Talent and redundancy

Da na, Da na, da da der da da.

Yes, you guessed it… it’s the theme tune from The Sweeney. Any minute now a copper brown Ford Consul will jump over a ramp and through a couple of empty cardboard boxes, thoughtfully left by a slag.

Because we are back in the 70s.

But before we all start wearing donkey jackets and saying things like ‘crickey, it’s the Rozzers’ this is the 70s with a difference.

Of course, I’m far too young to remember the three day working week and fuel rationing from Sweeney time but I have read about it and it’s happening again, only with a difference that is so stark it just cries out to be blogged.

Last week we had a whole bunch of workers walk out of the Total refinery in Lincolnshire.
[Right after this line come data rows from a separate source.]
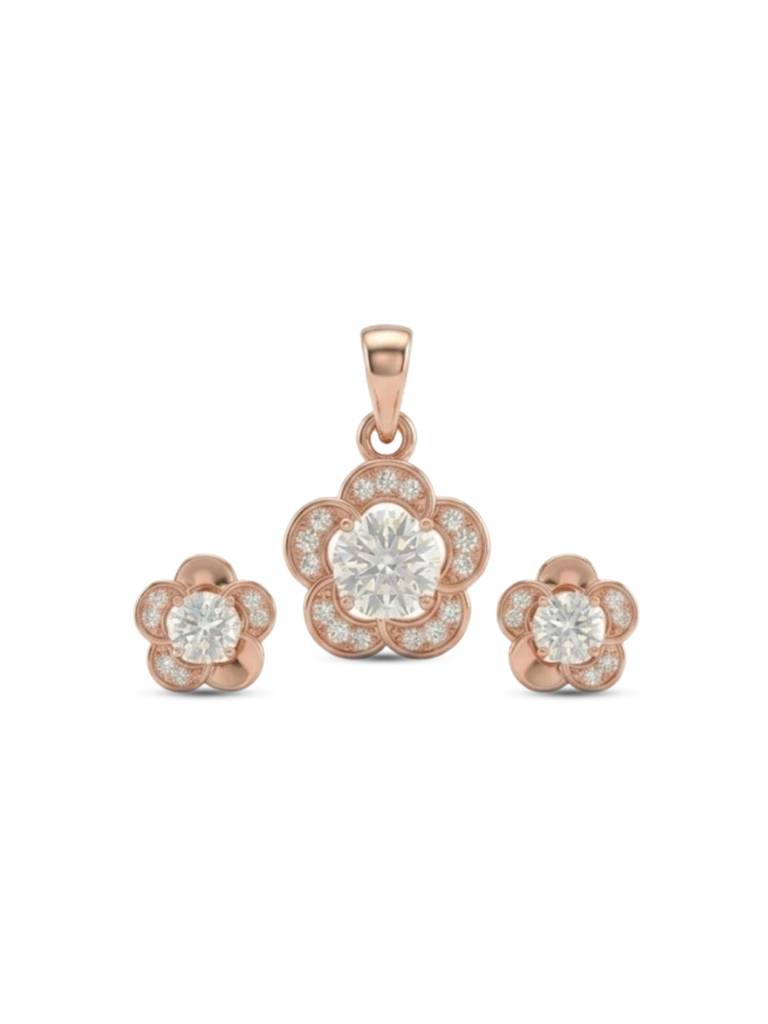 925 Sterling Silver Blooming Daisy Diamond Pendant Set With Earrings : PE-1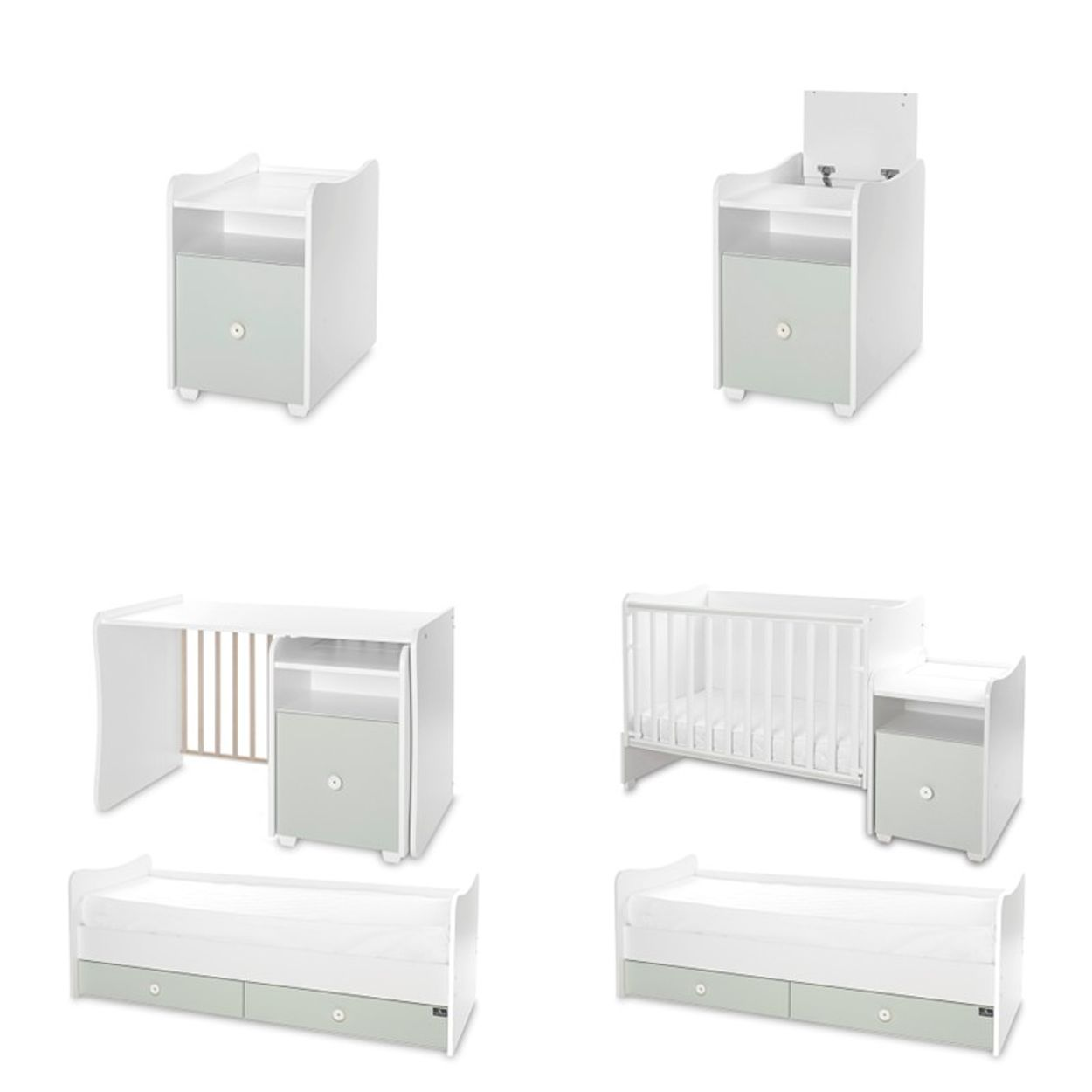 Modulares weißes und mintgrünes Kinderzimmermöbel-Set mit Bett, Schrank und Wickeltisch.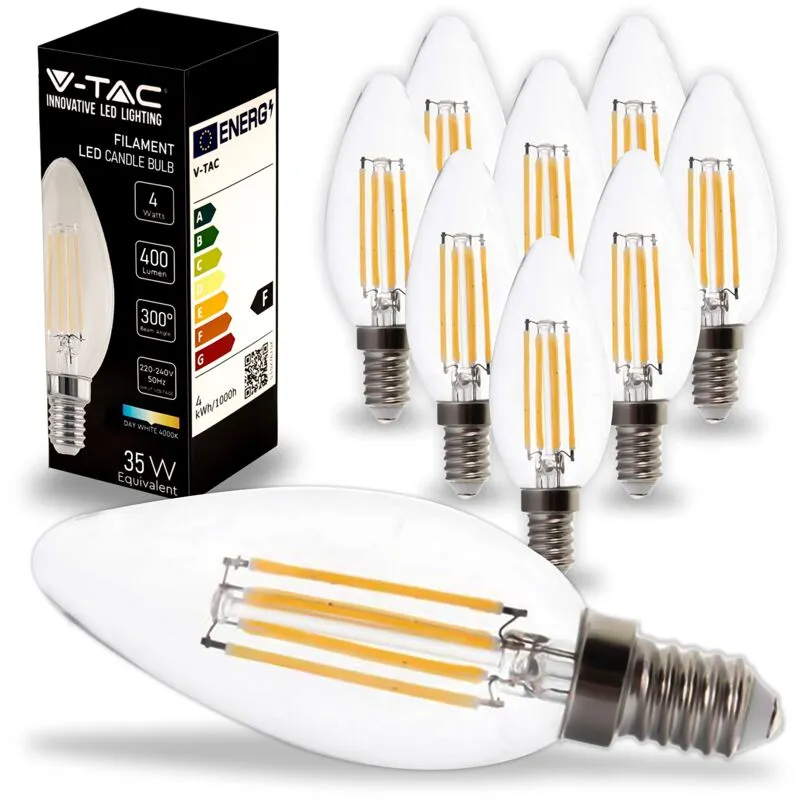 V-tac - 10x Lampadine led Filamento Candela con Attacco E14-4W (Equivalenti a 35W) - 400 Lumen - Lampadina led Massima Efficienza e Risparmio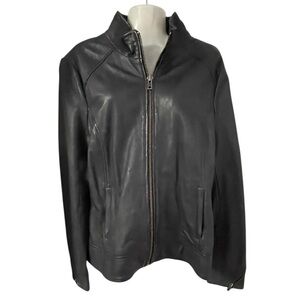 Soia & Kyo Navy Leather Jacket XL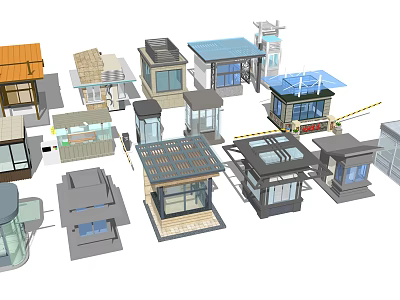 Various Small Building Structures With Different Roof Designs And Window Features 3d model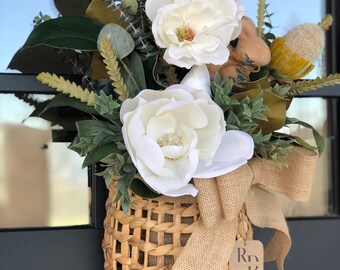 Magnolia Spring Hanging Basket: Farmhouse Easter Decor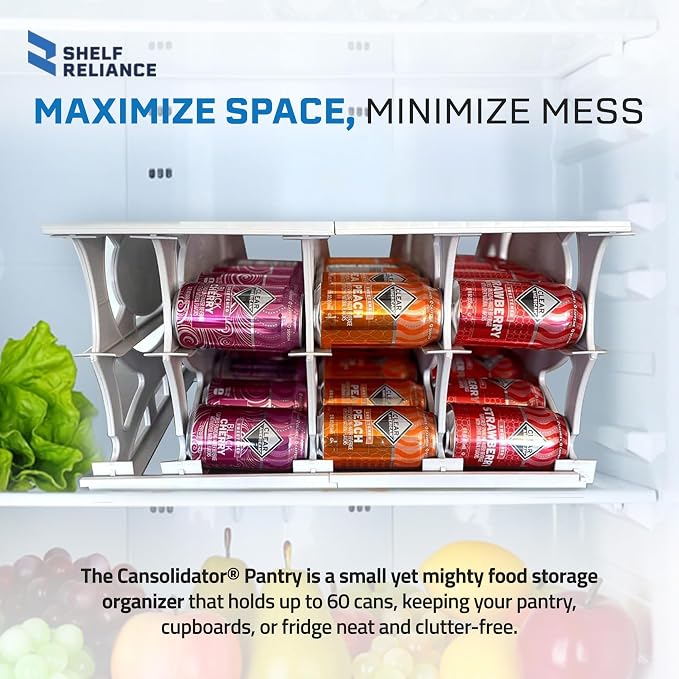 Shelf Reliance Cansolidator Pantry Plus - 1-Pack Can Organizer for Pantry, Stackable Soda Can Storage for Kitchen, Holds 60 Cans of Food or Soda - Image 3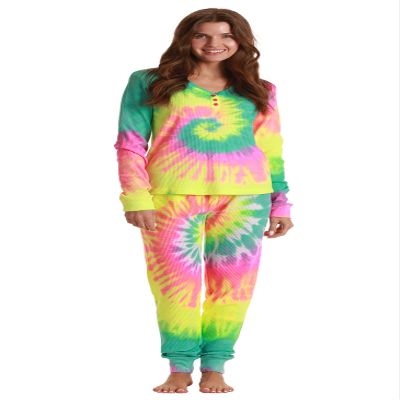 #followme Tie Dye 2 Piece Jogger Thermal Pajama Set for Women 6862-10575-S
The strike action was illegal because it wasn’t balloted and, whatever their motives or grievances it was not the way to do it.

But what happened next?

You’d expect Messrs Carter and Regan to screech to a stop, bundle a hundred workers into the back of their car (let’s face it, it was big enough) and throw them in the cells.

Not a bit of it.

Instead, these workers on the illegal strike walked back into their jobs, with the conditions they wanted and those that didn’t were relocated. The union heralded it as a ‘slap in the face for the employer’. So much for co-operation and thoughtful industrial relations.

Compare this to the actions of KPMG whose talent and knowledge management is key to their operation. KPMG is clearly not immune to the economic disaster we find ourselves in but just cannot afford to lose any of their knowledge – let’s face it there are many, many organisations that would like the opportunity to blag (that’s slang for stealing) what KPMG knows.

So KMPG employees have been offered a choice – to voluntarily work four days a week and have the fifth as a day off, but unpaid, or four to twelve weeks at 30% of their contracted salary.

86% of KPMG (according to the People Management website) have signed up to the voluntary arrangements.

KPMG seem to have pulled off that most difficult of tricks; slashing staffing costs through this difficult time whilst protecting its most important asset – its people and their knowledge.

Having said that, the world has officially been turned on its head. We have industrial workers walking out of the jobs on illegal strike action and white collar workers on voluntary four day working weeks.

What next?

I hear the Goodies might be making a comeback.